Former AMA President Ed Youngblood Passes Away at 80

Youngblood spearheaded the AMA’s efforts from 1981 to 1999

PICKERINGTON, Ohio (March 13, 2024) — The American Motorcyclist Association is saddened to hear about the passing of former AMA President Ed Youngblood on March 10, 2024, and offers condolences to his family, friends and colleagues. Youngblood was 80 years old.

Born on Sept. 28, 1943, in Muskogee, Okla., Youngblood bought his first bike — a 165cc Harley-Davidson — at the age of 14. After graduating from college with a master’s degree, he went to work with AMA Motorcycle Hall of Famers Chuck and Sharon Clayton as an editor of Cycle News East.

In 1970, Youngblood joined the AMA staff as managing editor of AMA News, which later was replaced by American Motorcyclist.
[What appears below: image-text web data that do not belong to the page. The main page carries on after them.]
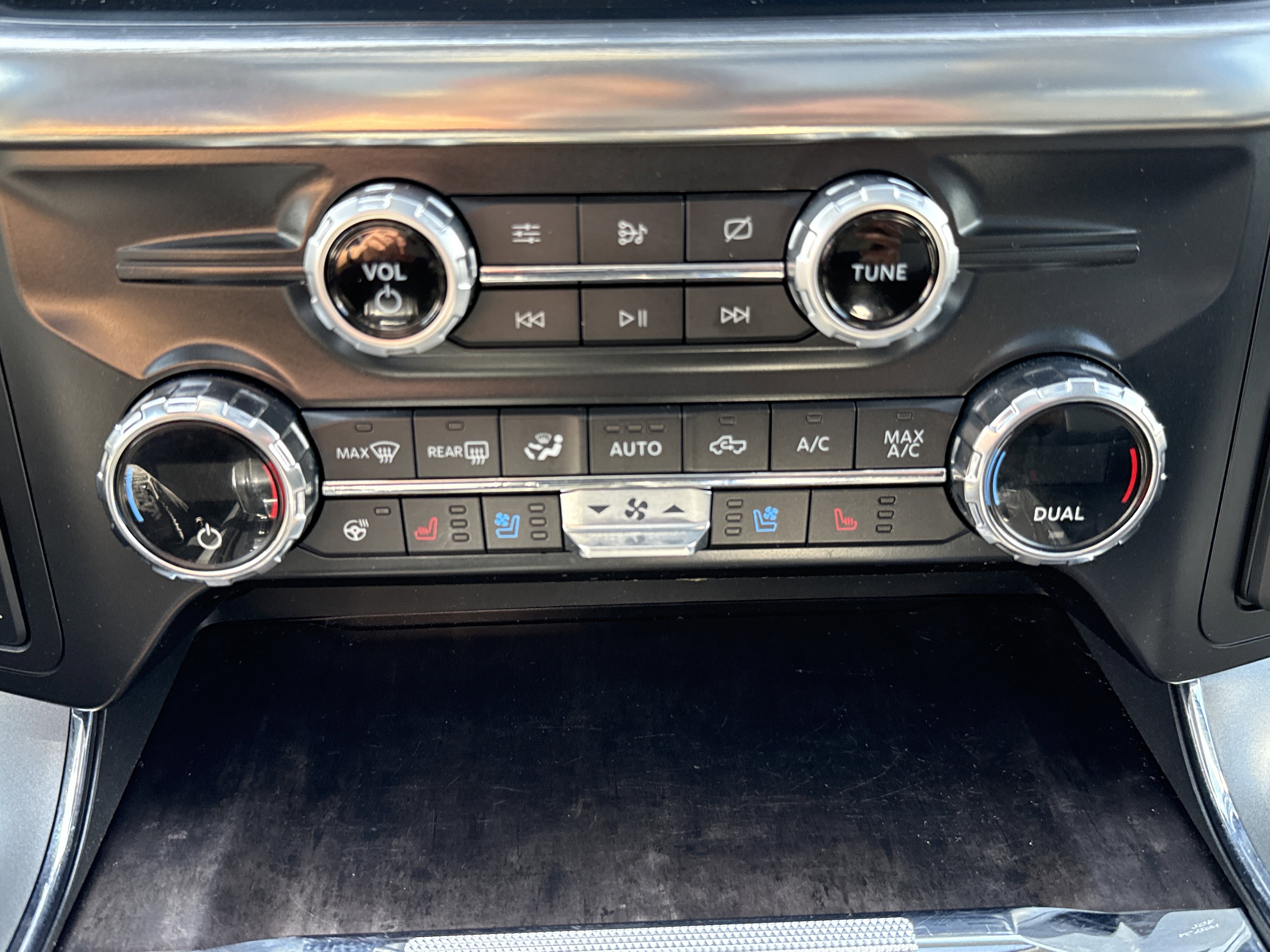 Certified 2021 Ford F150 Lariat w/ Equipment Group 502A High AWD/4WD image 25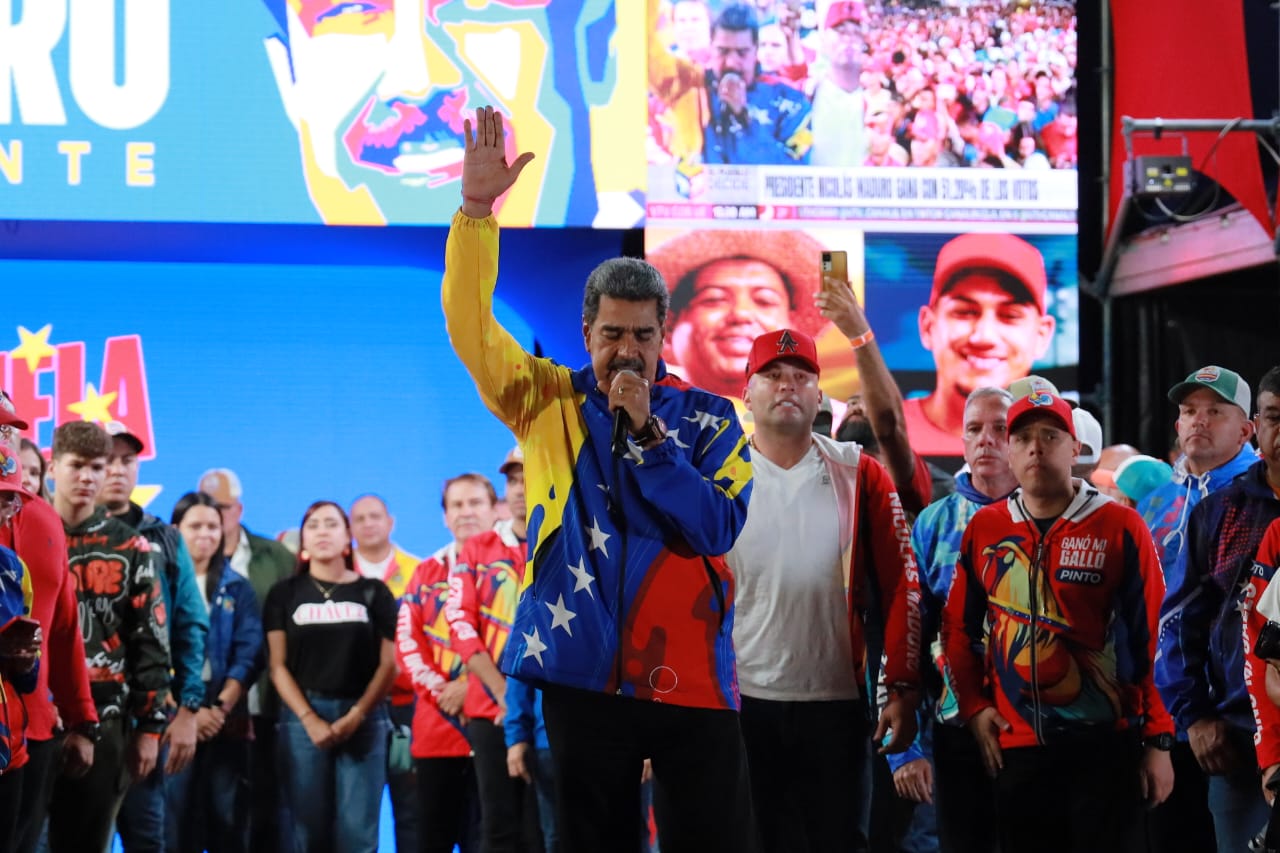 MESMO SOB CONTESTAÇÃO DA OPOSIÇÃO | Conselho Eleitoral declara vitória de Nicolás Maduro com 51,2% dos votos na Venezuela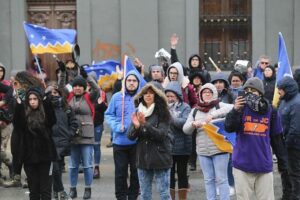 Un centenar de manifestantes llegaron a la plaza a pesar del viento y la lluvia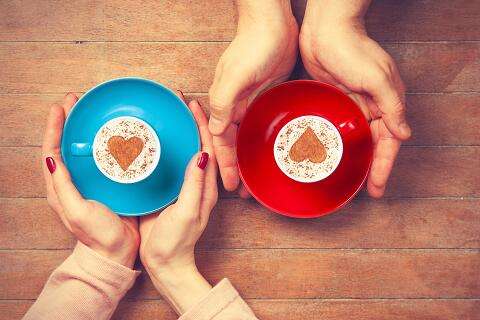 母婴店是自己开好还是加盟店好呢,开母婴店是加盟好还是自己开好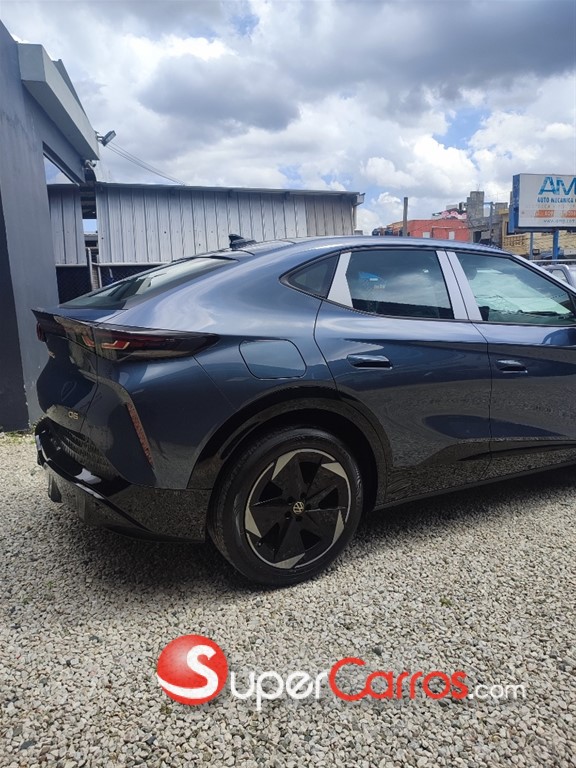 2025 Volkswagen ID UNYX 06 PRO — foto 7 / 12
In 1978, he was put in charge of the AMA’s government relations department.

Ed Youngblood
Former AMA President Ed Youngblood passed away on Sunday, March 10, at 80 years old.

In 1981, Youngblood was appointed AMA executive director. He led the organization until 1999. During his tenure, Youngblood focused on improving member communication, growing the AMA’s government relations efforts, and building stronger ties to the Fédération Internationale de Motocyclisme. For 25 years Youngblood was a delegate to the FIM, and he eventually became the deputy president, which was the second-highest rank in the organization.

Youngblood also helped establish the AMA Motorcycle Hall of Fame. He was instrumental in forming the American Motorcycle Heritage Foundation in the early 1980s to raise funds for the Hall of Fame Museum. The American Motorcycle Heritage Museum was opened in 1990 within the AMA’s old headquarters in Westerville, Ohio.

During Youngblood’s tenure, the AMA’s headquarters was relocated to Pickerington, Ohio — which remains the AMA’s home today. The American Motorcycle Heritage Museum followed the AMA to Pickerington, assuming a new name: The AMA Motorcycle Hall of Fame Museum.

Youngblood resigned from the AMA to focus on his interests in history and writing in 1999 and was inducted into the AMA Motorcycle Hall of Fame later that year.